9.2 To the extent an acceptance has been agreed, § 640 of the German Civil Code (BGB) shall apply in variance to section 9.1. Five working days shall be deemed an appropriate deadline in the meaning of § 640 paragraph 1 sentence 3 German Civil Code (BGB), to the extent the Supplier has not determined a different deadline. Decisive for the compliance with the time limit for claim is the date of receipt by the supplier.
9.3 If the Supplier in variance to section 4.1 and on request by the Ordering Party has engaged a third party (transporting company) with the delivery of the delivery item, the Ordering Party shall in the presence of the transporting company record any noticeable transport damage and have it confirmed. If a transport damage was not recognizable from the outside upon delivery, the Ordering Party shall immediately upon discovery and in writing report to the transporting company, however not later than seven days after delivery. The Ordering Party shall inform the Supplier immediately and in writing of the transport damage and the report. Claims from an improperly recorded or untimely noticed transport damage shall be precluded.
9.4 The costs of the inspection of the delivery item shall be borne by Ordering Party.
10. DELAY OF DELIVERY
10.1 The delay of delivery stated in the offer is nonbonding except to the extent a delay of delivery was agreed to be binding. The adherence by the Supplier to an agreed binding delay of delivery shall require that all commercial and technical questions between the parties to the contract have been finally resolved at the time of the agreement on the delivery date and the Ordering Party has timely fulfilled all of its obligations. If this is not the case or changes to the delivery items are made later, the delivery period shall be appropriately extended. This shall not apply to the extent the Supplier is solely responsible for the delay. In cases of nonbonding delivery deadlines the Supplier shall not be found to be in delay until after the expiration of an appropriate deadline determined by the Ordering Party. The Ordering Party may not establish such a deadline earlier than four weeks after the nonbonding delivery deadline.

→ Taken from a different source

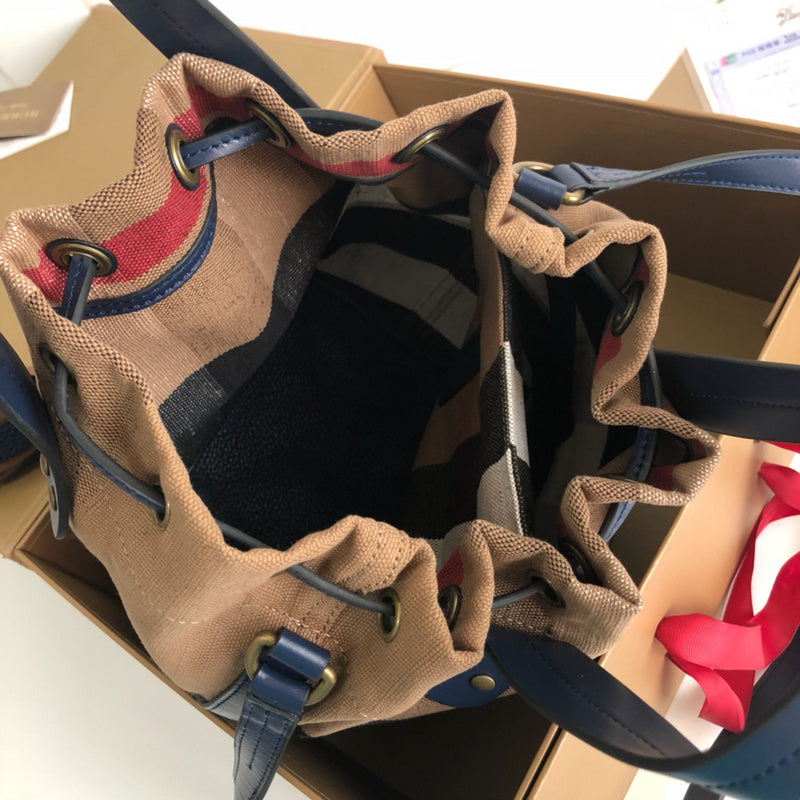 VBS Fashion -BBR Bags - 1362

10.2 The Supplier shall not be deemed to be in delay if his deliverers, for reasons not in the Supplier’s control, perform an incorrect or untimely delivery
10.3 The delivery deadline shall be deemed fulfilled when the delivery item has left the Supplier’s facility before its expiration or, if the item has been reported as being ready for dispatch in case an obligation to pick up the item was agreed
10.4 If shipment is delayed upon the request of the Ordering Party or it is found to be in delay for acceptance, the Ordering Party shall be charged for the resulting storage costs, at least 1 % of the invoice amount for each started month when stored at the Supplier’s facility, unless the Ordering Party can prove less damage. The Supplier shall however be entitled to dispose of the delivery item after the expiration of a fixed appropriate grace period.
11. FORCE MAJEURE
11.1 If the Supplier is hindered in the fulfillment of his contractual obligations on the basis of force majeure such as mobilization, war, terrorism, insurrection, natural catastrophes, fire or other unforeseeable circumstances not caused by the Supplier such as strikes or lawful lockouts, operational disruptions, transportation shortages, difficulties procuring raw materials or lack of supply caused by deliverers, the agreed delivery deadlines shall be extended by the duration of the hindrance including an appropriate start up period, maximum however by three months. The conditions cited are also not the attributable to the Supplier if they occur in the course of an existing delay. The Supplier shall inform the Ordering Party as soon as possible of the start and foreseeable end of such conditions
11.2 If the hindrance lasts three months or longer, both parties may withdraw from the contract.
12. INSTALLATION AND COMMISSIONING
12.1 Installation, assembly or commissioning of the machinery shall be performed by the Supplier only if this is specially agreed to and only in accordance with the installation specifications of the Supplier.
12.2 Place and time of the commissioning shall be agreed upon by the parties. Depending on the complexity of the facility, commissioning may require up to eight weeks.
13. RIGHTS ARISING FROM DEFECTS
Subject to sections 9.1 and 9.2 the following shall apply in cases of defects of the delivery item to the exclusion of further claims by the Ordering Party with the exception of damage claims according to section 14:
13.1.1 The limitation period for defect rights shall be twelve months from delivery or acceptance to the extent it has been agreed to. However, this limitation does not apply if a defect was not disclosed with the intention to deceive or if a guarantee for the condition of a good was granted (in this instance the limitation period provided under the guarantee shall apply). In cases of damage claims this limitation shall not apply in the following cases:in the event of injury to life, body or health, willful intent and gross negligence by the agents or managerial executives of the Supplier.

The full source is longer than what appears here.